Former captain Kapil Dev today heaped praise on young Indian bowlers for their "excellent" performance in Australia but advised them to ensure injury did not affect their promising careers.
Kapil said the country suffers if bowlers are injured.
"They are bowling excellently in Australia. They have proven that they have the talent to unsettle the best batsmen in the world.
"They are all young and in order to sustain their top form, they should take care of their body so that they stay away from injury," Kapil said.
He was speaking at a function to announce the sponsorship of Indian players for the Beijing Paralympic Games in September by BHP Billiton.
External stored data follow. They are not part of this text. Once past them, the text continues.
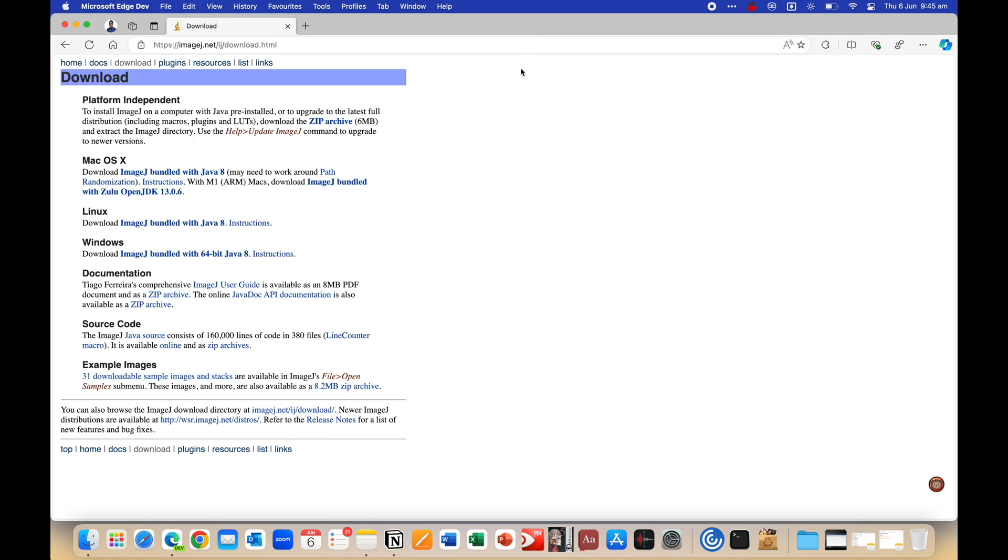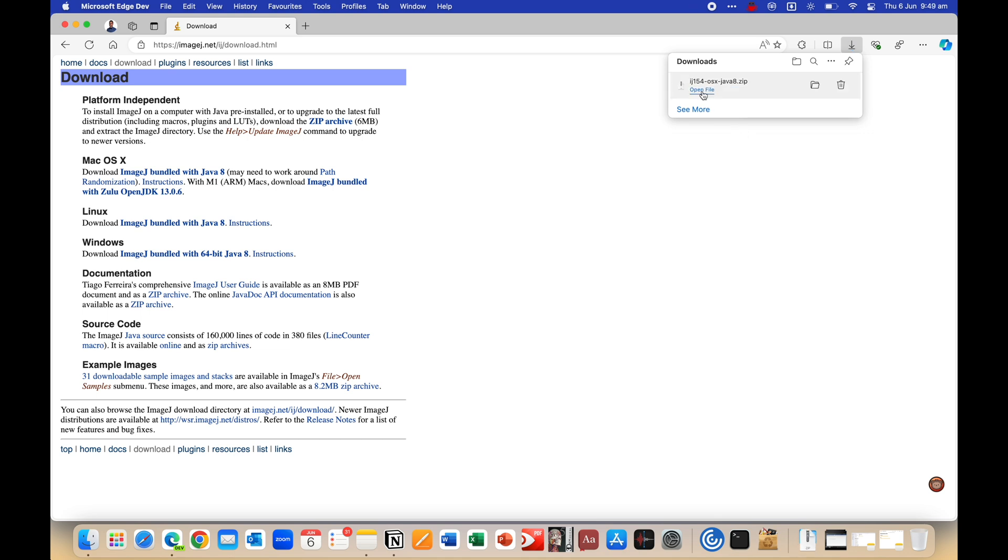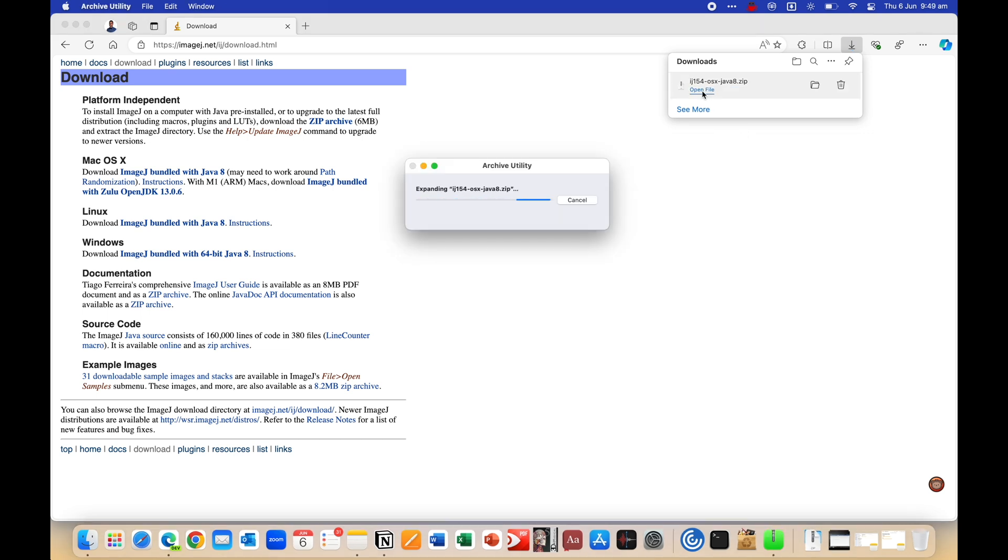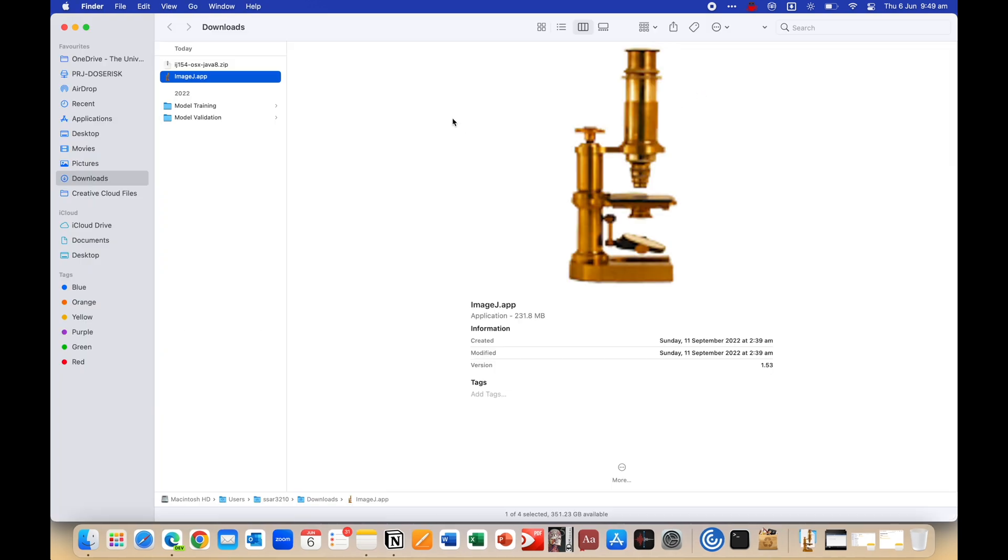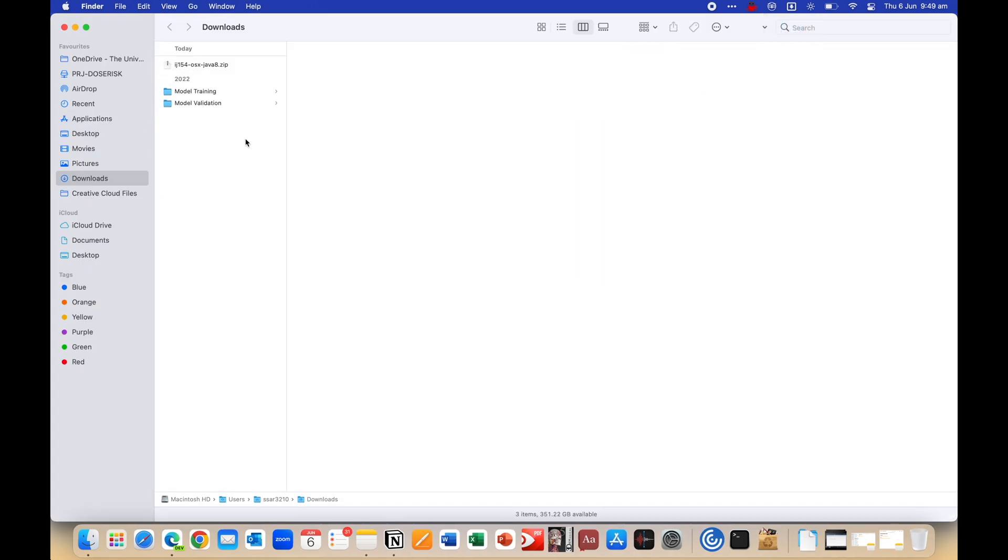Once you do, you'll end up on a site like this and you can just click on one of these here. Now this other link also works in my experience, so if the first one's giving you some trouble, just download the other one. Once you've downloaded the zip file, open it up and that's basically the app. Now you can either download it right here in the downloads folder, but I like to drag it into the applications folder so you can access it from the launchpad.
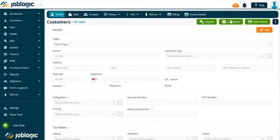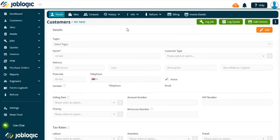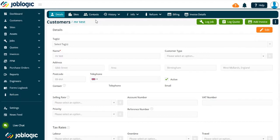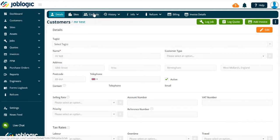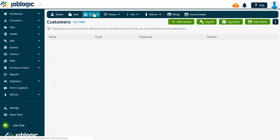Creating contacts. Welcome to this video on how to create a contact in JobLogic. You can create contacts both at customer level and site level within JobLogic. To add a contact, select the contacts tab as shown here.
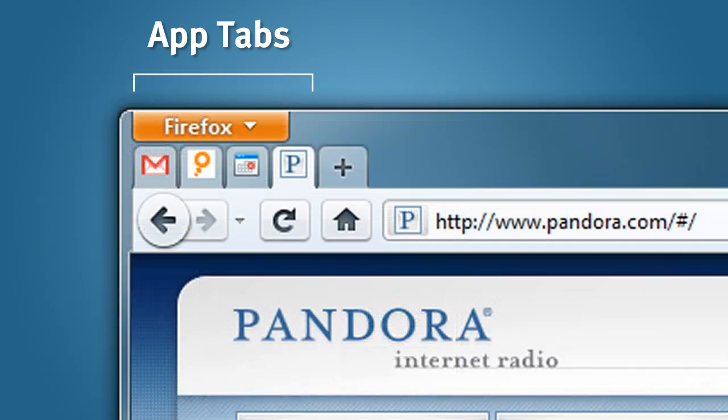AppTabs appear on the far left side of your tab strip, and they will appear in a special set inside of TapCandy. AppTabs will automatically open when you launch Firefox, and you can't accidentally close them.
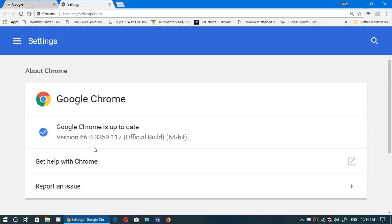Chrome 66 will also not trust websites that have certificates issued by Symantec's legacy PKI. More and more malicious websites use Symantec's legacy PKI certificates to pass as legitimate sites, so Chrome is blocking these certificates to make sure they aren't used by malicious websites anymore.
"My message to the young bowlers is that when you are injured, the country suffers. Indian bowlers have been injury-prone for a long time, so they have to take care of themselves and see that injury does not break their sustained peak form."
Kapil said he did not know how players who sit out of matches due to injury, like in the case of Yuvraj Singh, must feel, as he did not have any serious injury in his career.
"Fortunately, I did not have any serious injury in my career which forced me to sit out for long. So, my advice is the current bowlers should pay attention on their fitness."
When asked whether out of form Yuvraj should be given a long rope to rediscover his old touch, the World Cup-winning captain said, "Of course, he should be given enough chances but it should not be lost to him that that players earn their places because of their performance."
"When you play you are blocking the place of someone else. If you play well, nobody can leave you out. If you are not playing well, naturally you cannot be in the team," he said.
The former captain also said he felt sledging in cricket "is bad personally" but would leave to the respective boards to decide what to do with their players regarding the issue.
"Some people said it is gamesmanship while some others say it is hitting below the belt. Personally, I think it is bad but it is upto the respective boards to decide how to deal with the issue."
Kapil, who recently filed an affidavit in the Delhi High Court against BCCI for witholding his pension, also took a dig at the Cricket Board.
"The Cricket Board has lots of money but they should see how the people here (Paralympic Committee of India officials) are running the game without money, but with passion.
"Most of the games in the country, except for a few like cricket, have little money but are being sustained by passion of officials and sportspersons.
"I am not against private sponsors investing heavily in cricket, but I feel that if 10 per cent of what has been spent on cricket is poured in other games, Indian sports would be much better," he said.